_Given entries_:
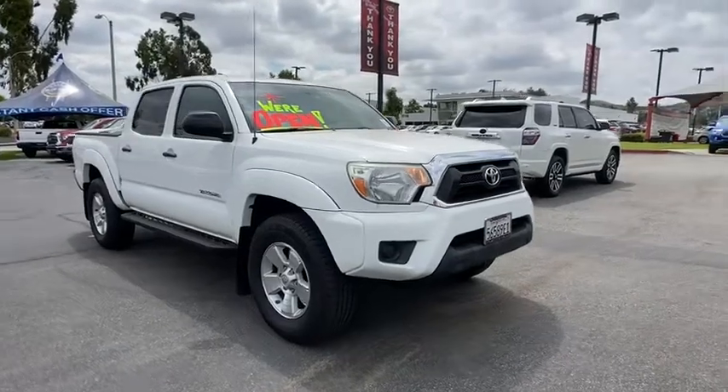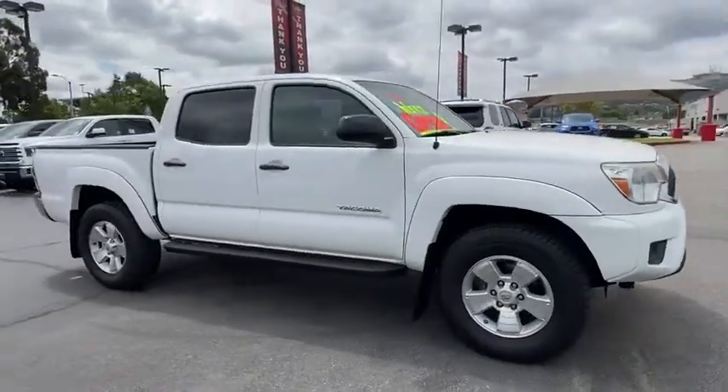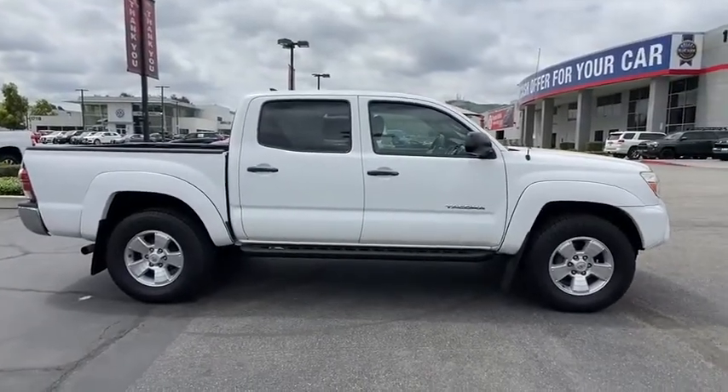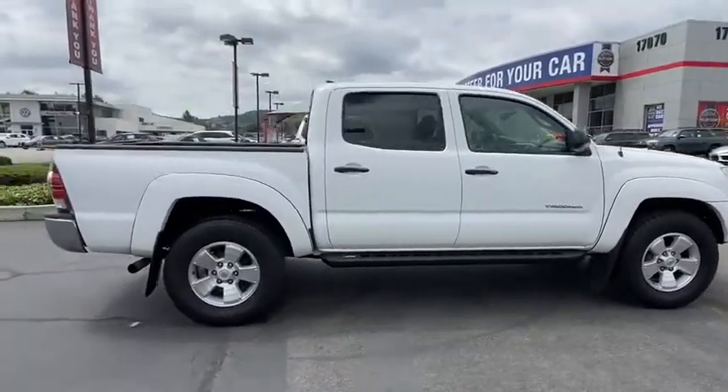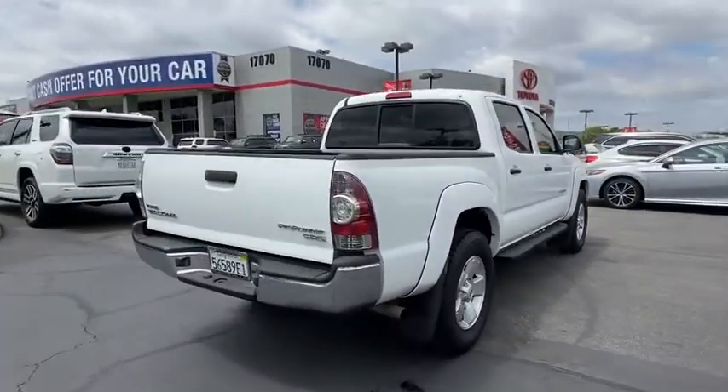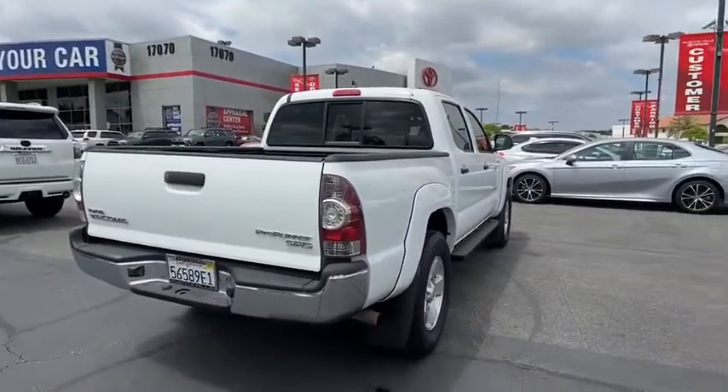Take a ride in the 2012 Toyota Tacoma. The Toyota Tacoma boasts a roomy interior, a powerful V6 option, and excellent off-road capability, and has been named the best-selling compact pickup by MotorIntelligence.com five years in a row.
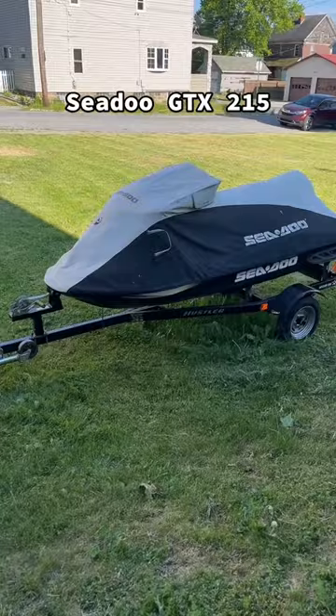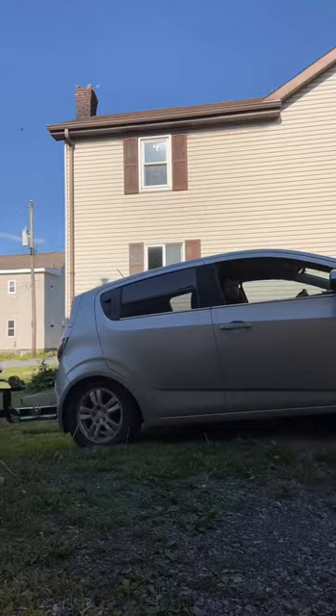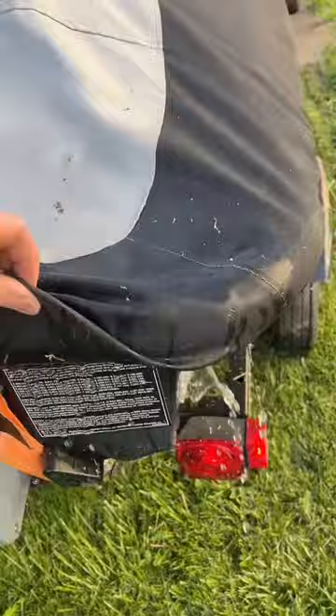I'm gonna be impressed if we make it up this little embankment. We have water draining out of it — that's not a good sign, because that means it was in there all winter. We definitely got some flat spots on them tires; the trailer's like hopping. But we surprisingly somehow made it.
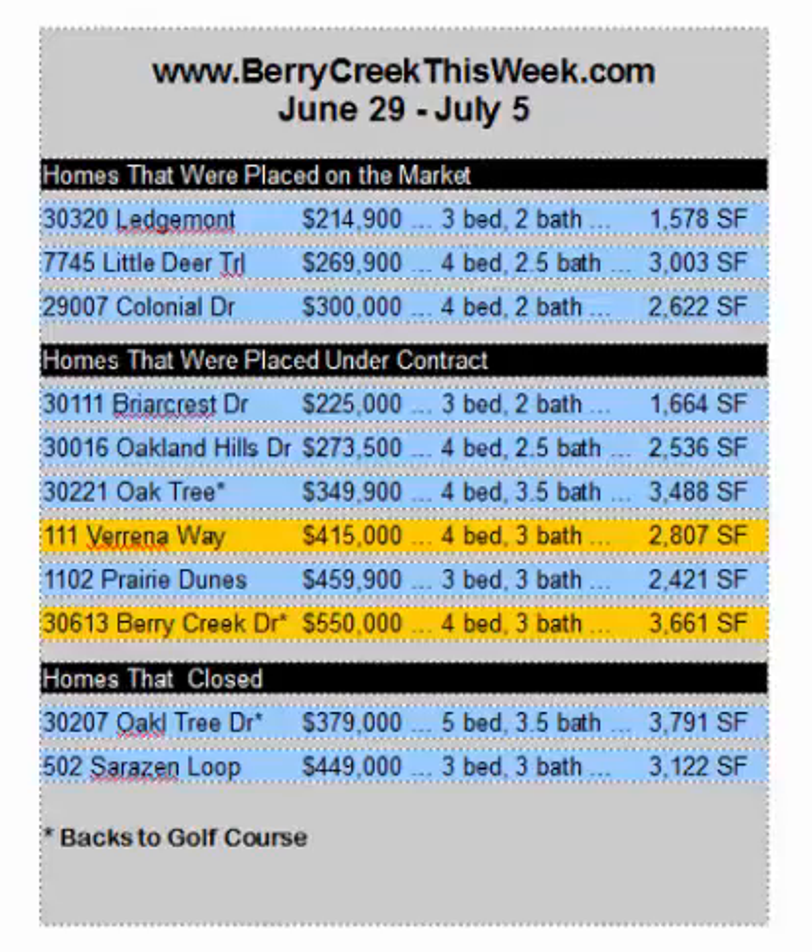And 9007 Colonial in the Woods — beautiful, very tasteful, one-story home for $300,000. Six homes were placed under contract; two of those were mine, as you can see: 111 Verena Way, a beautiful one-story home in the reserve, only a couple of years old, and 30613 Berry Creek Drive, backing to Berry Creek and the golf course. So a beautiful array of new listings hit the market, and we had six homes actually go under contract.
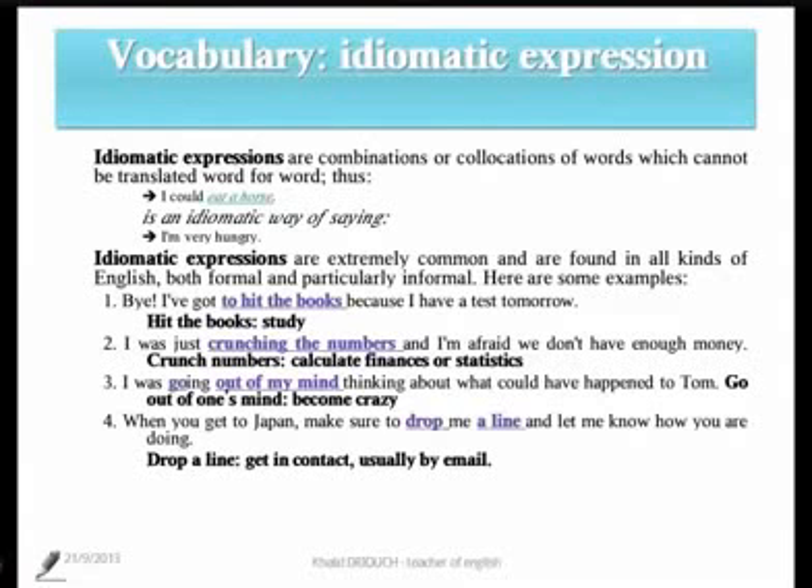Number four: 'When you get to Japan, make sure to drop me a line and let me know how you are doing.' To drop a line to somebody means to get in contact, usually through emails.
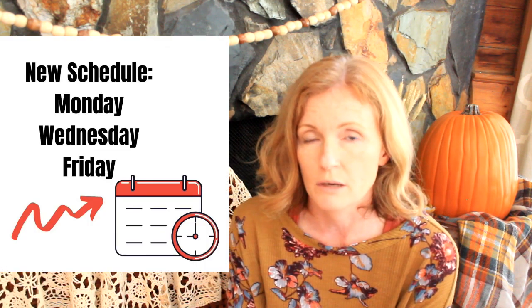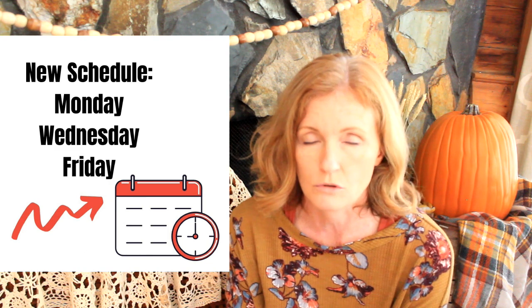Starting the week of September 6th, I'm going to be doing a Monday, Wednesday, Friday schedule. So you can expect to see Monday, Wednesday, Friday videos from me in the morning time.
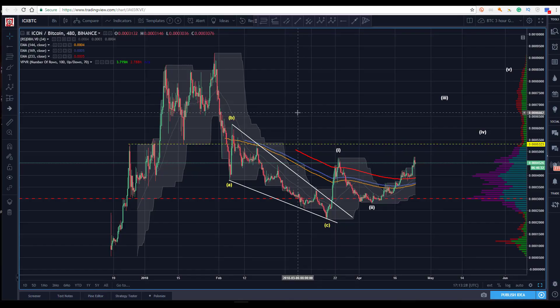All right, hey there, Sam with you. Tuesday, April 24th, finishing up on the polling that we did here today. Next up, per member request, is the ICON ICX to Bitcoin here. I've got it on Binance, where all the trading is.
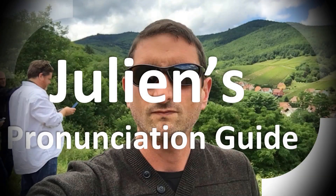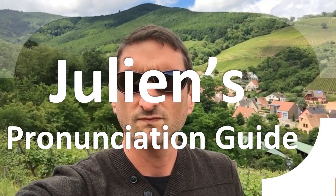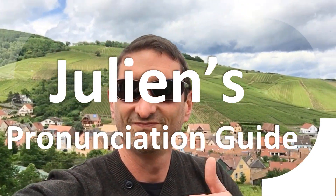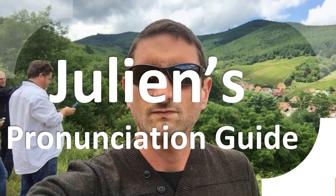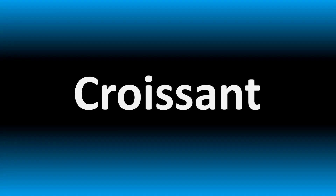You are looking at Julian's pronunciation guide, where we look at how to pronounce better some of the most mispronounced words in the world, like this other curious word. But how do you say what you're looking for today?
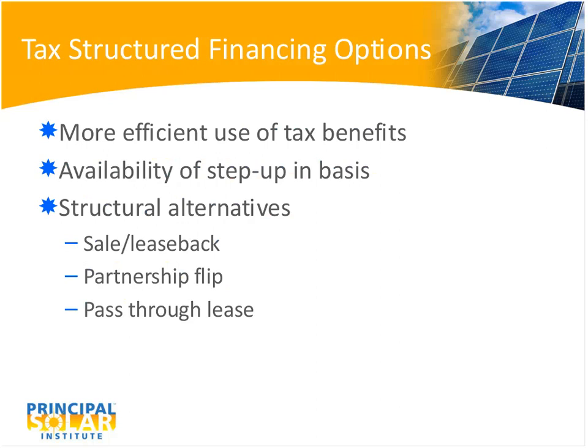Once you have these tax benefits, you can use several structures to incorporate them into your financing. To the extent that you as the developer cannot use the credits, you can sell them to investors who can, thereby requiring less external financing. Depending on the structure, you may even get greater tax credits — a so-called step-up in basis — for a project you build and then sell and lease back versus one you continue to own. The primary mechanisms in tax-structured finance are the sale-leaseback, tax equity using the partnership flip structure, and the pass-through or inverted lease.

_Instructions to follow_: From the first record to the last, restate everything exactly but omit the pictures.

_Solution to this task_:
Take a ride in the 2012 Toyota Tacoma. The Toyota Tacoma boasts a roomy interior, a powerful V6 option, and excellent off-road capability, and has been named the best-selling compact pickup by MotorIntelligence.com five years in a row.
I'm gonna be impressed if we make it up this little embankment. We have water draining out of it — that's not a good sign, because that means it was in there all winter. We definitely got some flat spots on them tires; the trailer's like hopping. But we surprisingly somehow made it.
And 9007 Colonial in the Woods — beautiful, very tasteful, one-story home for $300,000. Six homes were placed under contract; two of those were mine, as you can see: 111 Verena Way, a beautiful one-story home in the reserve, only a couple of years old, and 30613 Berry Creek Drive, backing to Berry Creek and the golf course. So a beautiful array of new listings hit the market, and we had six homes actually go under contract.
Number four: 'When you get to Japan, make sure to drop me a line and let me know how you are doing.' To drop a line to somebody means to get in contact, usually through emails.
Starting the week of September 6th, I'm going to be doing a Monday, Wednesday, Friday schedule. So you can expect to see Monday, Wednesday, Friday videos from me in the morning time.
All right, hey there, Sam with you. Tuesday, April 24th, finishing up on the polling that we did here today. Next up, per member request, is the ICON ICX to Bitcoin here. I've got it on Binance, where all the trading is.
You are looking at Julian's pronunciation guide, where we look at how to pronounce better some of the most mispronounced words in the world, like this other curious word. But how do you say what you're looking for today?
Once you have these tax benefits, you can use several structures to incorporate them into your financing. To the extent that you as the developer cannot use the credits, you can sell them to investors who can, thereby requiring less external financing. Depending on the structure, you may even get greater tax credits — a so-called step-up in basis — for a project you build and then sell and lease back versus one you continue to own. The primary mechanisms in tax-structured finance are the sale-leaseback, tax equity using the partnership flip structure, and the pass-through or inverted lease.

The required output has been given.